Me: Now I am rethinking the whole thing which is good I guess. Jeri just wants her home to take care of him. ANd Jeri is a drunk and is not the best father. SHe kind of worries baout that too in other sections of Monte Stories. And I think he even tells her in an earlier section not to get a baby because it will Hills Like WHite Elaphants up the relationship you know what I mean. Anyway the Jefe is doing what’s best for him and so is Lena I think. She is a lot like the Jefe. She is actively going away from Jeri–and maybe he should not know she is gone that might heighten it a bit. I thought that was a bit more clear in their phone call but could be less subtle.

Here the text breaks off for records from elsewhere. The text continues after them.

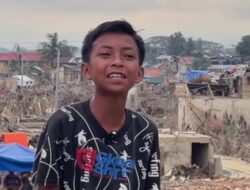 Bocah di Aceh Tamiang Ini Cerita Detik-Detik Banjir Menghantam Rumahnya, Ungkap Air Datang Usai Salat Subuh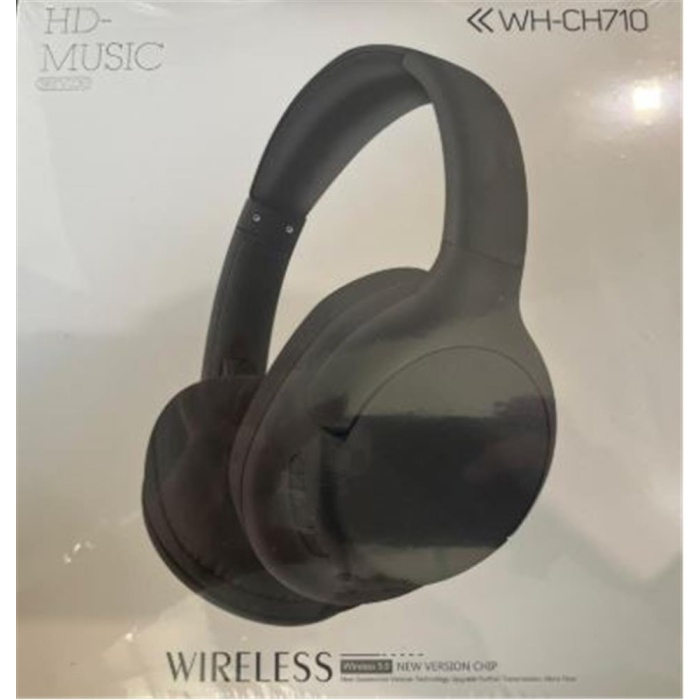 Hadron WH-CH710 Siyah  Bluetooth  Kulaklık 76-53-43MM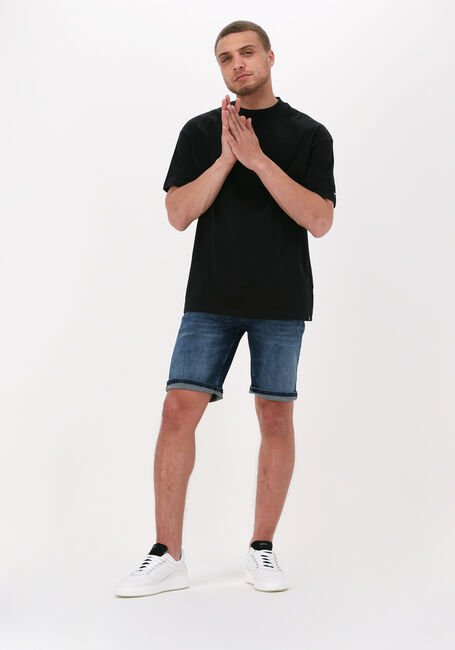 Schwarze PUREWHITE T-shirt 22010101 - large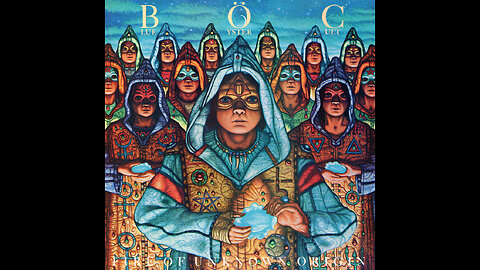 Fire Of Unknown Origin ~ Blue Öyster Cult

I’ve read about Salinger and his editor arguing over the content. Lee Abbott used to tell me about arguing over lines. He loved one sentence paragraphs and his editor hated them he would tell me. I just don’t have strong opinions. I still think I am finding the story and the characters. I don’t think they were making it a different story. I do think the edits should serve the story. And in my head Lena is a part monster and part saving kind of a person. She saves Bruna but can’t save herself. She wants the baby and gets the baby and that is it. I think the edit serves the story and no one will read it if I don’t get it out there. And the real Lena didn’t leave Jeri–he left her. The real Lena never got a driver’s license. Cordelia and all her strength let Paul walk all over her. It was the 40s and 50s and the reality was different unfortunately. In a way your mother got a divorce and Lena never married Jeri or married Louis or nothing. The only thing she did in her life was to leave San Luis–and that was because she got married. I’m rambling…

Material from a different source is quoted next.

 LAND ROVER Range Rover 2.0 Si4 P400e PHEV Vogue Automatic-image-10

D: This is very good and I agree with you. I think it’s interesting particularly because when you think about it, your stories (well, for every writer and every reader really) stories serve multiple purposes, don’t they? You make the character that you want and that serves your ideologies the most or that challenges them the most. We read for bibliotherapy sometimes and sometimes we read for a new outlook. I think the fact that Lena is “part monster/part savior” is apparent. I agree for now, just get the story out there, and when it goes into your book and the whole ms is getting out there, you can change/tweak to adapt to the shape that Lena takes for you then and that fits the entire ms then.

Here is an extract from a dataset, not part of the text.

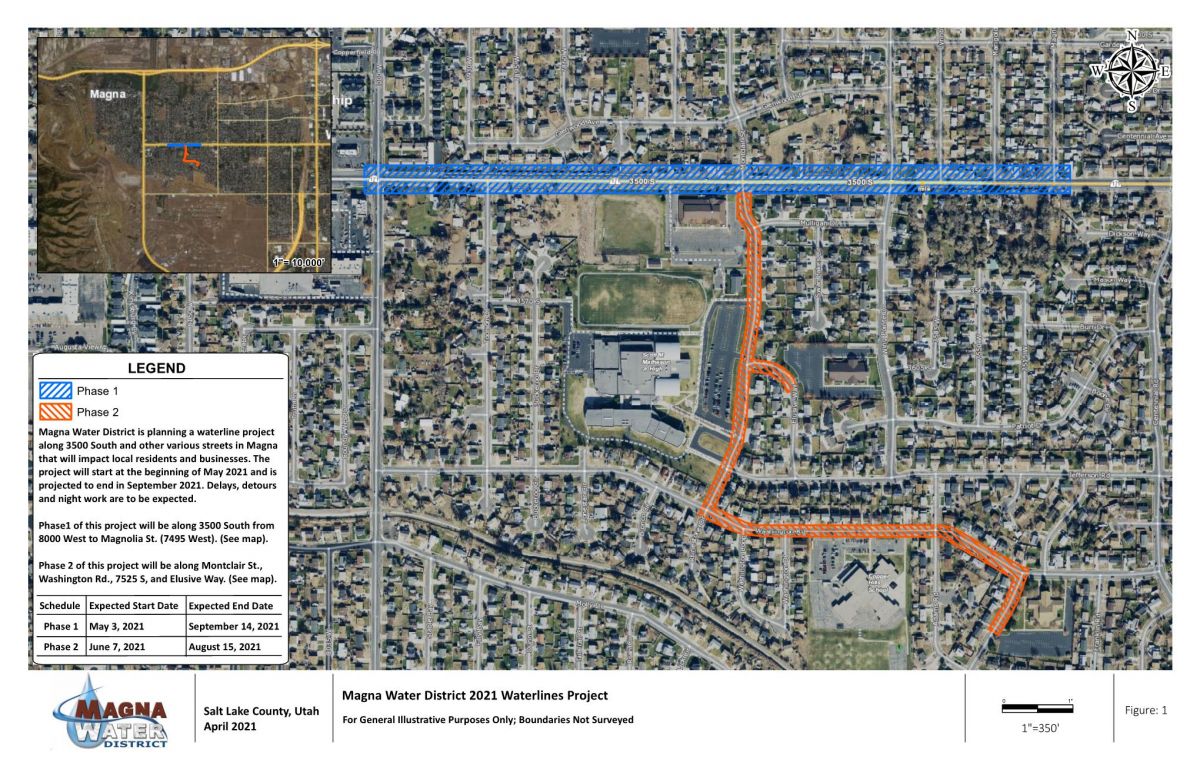 Recent News | Magna Water District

Oh and then I got this email:
Thank you for your submission to Black Lawrence Press.
Unfortunately, we have decided not to publish your manuscript. Please
know that we afford careful consideration to every manuscript that we
receive. However, we can only accept a few titles for publication each year.
I wish you luck in finding a publisher for your manuscript.
Executive Editor, Black Lawrence Press
My short story “Lena’s Trip Home” has finally found a home. In April it will appear in Fogged Clarity arts review. Finally happy to receive some editorial comment. Fogged Clarity looks like a nice publication bringing music and writing together.